The leaders of the G8 have recognised the central role of global health in promoting development and poverty reduction in their Gleneagles communique.
On the developement of vaccines, the communique says:
(e) Building on the valuable G8 Global HIV/AIDS vaccine enterprise, increasing direct investment and taking forward work on market incentives, as a complement to basic research, through such mechanisms as Public Private Partnerships and Advance Purchase Commitments to encourage the development of vaccines, microbicides, and drugs for AIDS, malaria, tuberculosis and other neglected diseases.
(f) Supporting the Polio Eradication Initiative for the post eradication period in 2006-08 through continuing or increasing our own contributions toward the $829 million target and mobilising the support of others. We are pleased that the funding gap for 2005 has been met.
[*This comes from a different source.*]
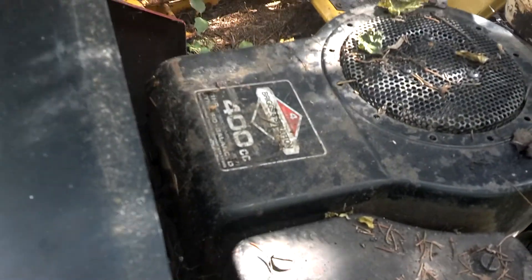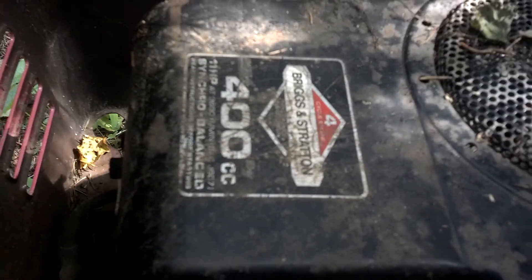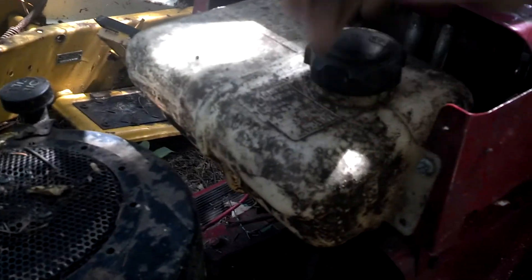Here it is — 400CC synchro-balanced Briggs and Stratton. I'm going to add some gas to it.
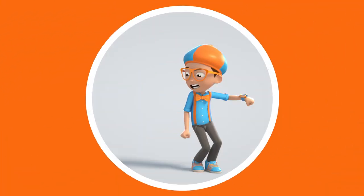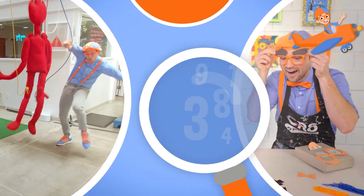Blippi! Come on, everyone. Let's make learning fun. Blippi! So much to learn about, it'll make you want to shout.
(g) Working with African countries to scale up action against malaria ... to help ensure access to anti-malaria insecticide-treaded mosquito nets, adequate and sustainable supplies of Combination Therapies including Artemisin, preumptive treatement for pregnant women and babies, household residual spraying and the capacity in African health services to effectively use them ...
IAVI has issued a statement welcoming the G8 communique.
Owen's comment: As expected, this commitment on creating market incentives does not go beyond the commitment already made by the G7 Finance Ministers at their meeting in London. However, it does usefully reiterate the importance of such a commitment complementing, and not replacing, public funding and public-private partnerships.
On funding of vaccine R&D ball is now in the court of the Italian Finance Minister Siniscalco who has a remit to report back to the Finance Ministers by the end of the year.